7e9f28cb232248b58f22545733169137a907a97f 2014-08-29 21:21:49 -0700

violino:/home/software/ft-index> git log -1 --pretty=format:"%H %ci" master
f17aaee73d14948962cc5dea7713d95800399e65 2014-08-30 06:35:59 -0400

violino:/home/software/wiredtiger> git log -1 --pretty=format:"%H %ci"
1831ce607baf61939ddede382ee27e193fa1bbef 2014-08-14 12:31:38 +1000
All of the engines were built with compression disabled; compression was not used in the RocksDB test either. Some of these engines recommend/require use of a non-standard malloc library like Google tcmalloc or jemalloc. To ensure as uniform a test as possible, all of the engines in this test were built to use the standard libc malloc.

LMDB Update

Further profiling of the LMDB results led to a couple of quick tweaks to improve write efficiency. There was also a slight gain in read efficiency as a side-effect.

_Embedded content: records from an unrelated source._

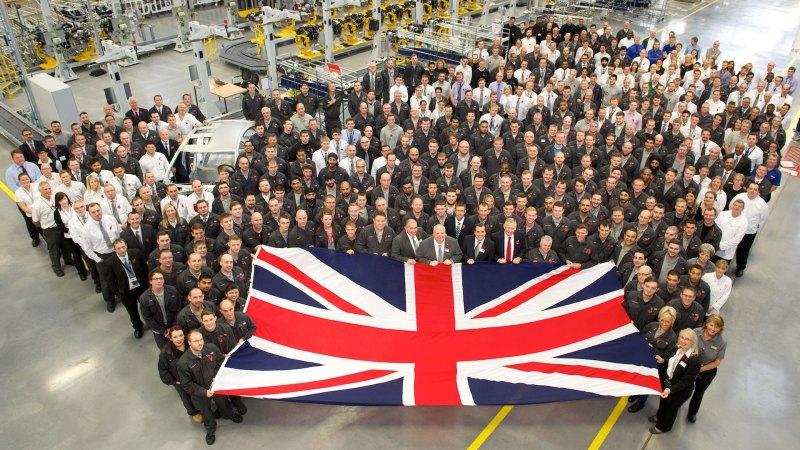 Jaguar Land Rover Crowned England’s Largest Carmaker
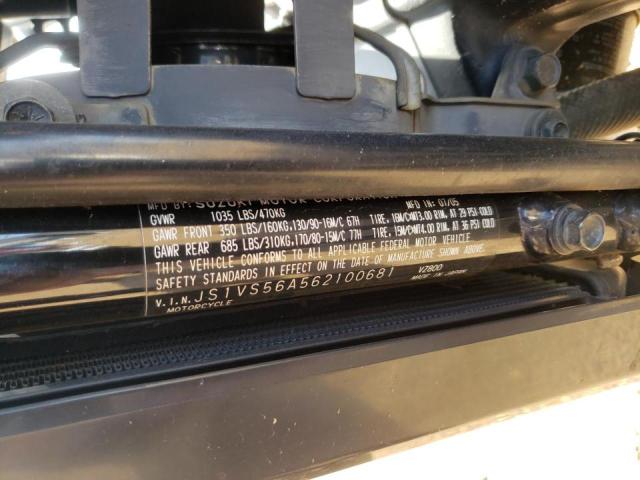 2006 SUZUKI M50 BK5 JS1VS56A562100681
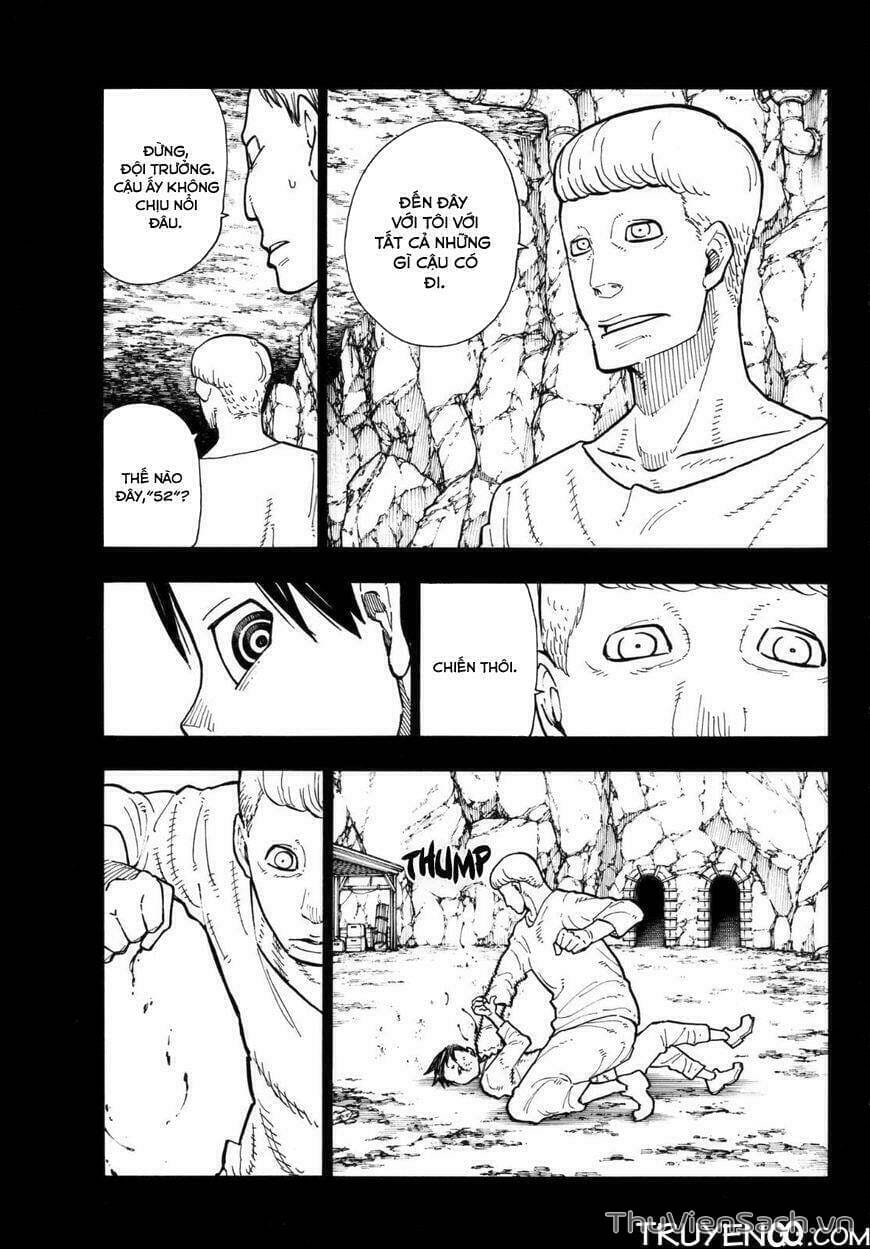 Truyện Tranh Biệt Đội Lính Cứu Hỏa - Fire Force trang 4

Threads Run Time CPU % DB Size Process Size Total Size Context Switches Write Rate Read Rate
Wall User Sys Vol Invol
1 10:02.19 00:19:40.29 00:00:20.70 199 12582308 12584884 12584884 28 1552 78592 255009
2 10:01.42 00:29:31.88 00:00:27.74 299 12582852 12585436 12585436 51 2345 55064 497413
4 10:01.36 00:49:37.84 00:00:20.53 498 12582852 12585456 12585456 106 3791 50099 972695
8 10:01.38 01:29:34.11 00:00:21.81 897 12583424 12586080 12586080 182 6877 46000 1946509
16 10:01.38 02:49:22.59 00:00:28.17 1694 12584968 12587932 12587932 442 73179 39125 3671094
32 10:01.36 05:28:33.32 00:01:05.36 3288 12593160 12596320 12596320 1127 89384 25450 5929076
64 10:01.36 10:37:16.71 00:01:41.25 6375 12599308 12603380 12603380 2183 127897 16019 8621229

Write throughput in the single-reader case is 17.6% greater than in the previous version of the code. The difference decreases with heavier load and at 64 threads the improvement is only 9.8%. Similarly, the read rate is 3.7% faster for a single thread and the improvement decreases to 0.9% at 64 threads.

With CPU utilization increased from 6356% to 6375% it's unlikely that any more work can be squeezed out of this system.

This used revision

violino:~/OD/mdb> git log -1 --pretty=format:"%H %ci"
3646ba966c75137b01e38fc5baea6d5864189c8e 2014-09-09 19:44:23 +0100
The raw output and updated binary are also available.